Elle l’aura bien mérité après tout, vu comme je lui ai cassé les pieds à lui répéter « Range ta chambre ! Mets ton linge au sale ! Éteins la lumière ! » sur tous les tons pendant des années.
Pourquoi je n’aurais pas confiance dans ce que je lui ai montré, année après année ?
Quand même, je ne me suis pas cassé le c** à faire une thérapie pour repartir au point zéro, sous prétexte que la ménopause me fait coucou de loin. Youhou, c’est moi, la ménopause ! Je t’attends ! Tu ne pourras pas m’éviter ! Tu vas te racornir ! Oui d’accord, ta gueule ! Laisse-moi tranquille, je pense à ma fille.
On va essayer de voir les choses froidement.
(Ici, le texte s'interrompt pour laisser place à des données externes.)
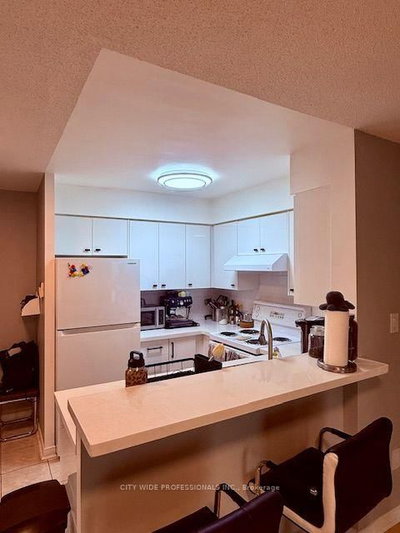 Langstaff, Richmond Hill photo 9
Quand même :
J’ai plutôt bien fait mon job, finalement.
Pas parfaitement, c’est sûr. Mais suffisamment pas trop mal. J’aurais pu — et je pourrais encore — être un peu plus disponible pour toi, ma chérie. Mais je crois que je t’ai donné, malgré tout, assez d’écoute, de conseils, et d’attention pour que tu oses affirmer tes opinions et ta personnalité. Cela t’a servi face à moi, cela te servira sûrement face aux autres. Je ne t’ai pas élevée pour te garder près de moi, mais pour que tu déploies tes ailes et que tu t’envoles, même si cela me fait peur, même si mon cœur se serre de t’imaginer loin de moi sans que je puisse dans l’instant te tendre une main secourable, comme quand tes petites jambes malhabiles défaillaient lors de tes premiers pas. Mais d’autres, un autre aussi, sûrement seront là pour toi.
Et moi, et bien moi, je passerai à autre chose.
Je me concentrerai sur tes frères, voilà. Ah ah, je les ai encore à la maison un bon paquet de temps, ceux-là ! Et puis une maman, c’est irremplaçable dans le cœur d’un garçon, non ? Ils sont encore si petits et ont tant besoin de MOI.
Moi, moi, moi.
Mais en fait… Ce sera bien la même chose pour mes garçons. Eux aussi s’envoleront, et sans doute plus tôt que leur sœur. Est-ce que j’ai peur pour eux aussi ? Moins, je l’avoue. Mais si j’ai moins peur, j’ai sans doute plus d’exigences. Je les veux virils mais pleins de douceur, hardis mais respectueux, capables de folie mais jamais inconscients, solides mais expressifs et affectueux. Le portrait de leur père, quoi 😉
Tiens, leur père… Mais oui mon amour, toi tu seras toujours là, près de moi, comme tu l’es depuis toutes ces années. Je t’interdis de me laisser effrayer par la perspective de ce nid qui va inexorablement se vider. Je t’interdis de me laisser n’être qu’une mère.
J’ai besoin de toi pour continuer à exister pour moi, et pour nous.
Tout cela, c’est encore loin, mais quand même : aide-moi à rester, et parfois à redevenir, la femme que tu aimes et qui t’aime.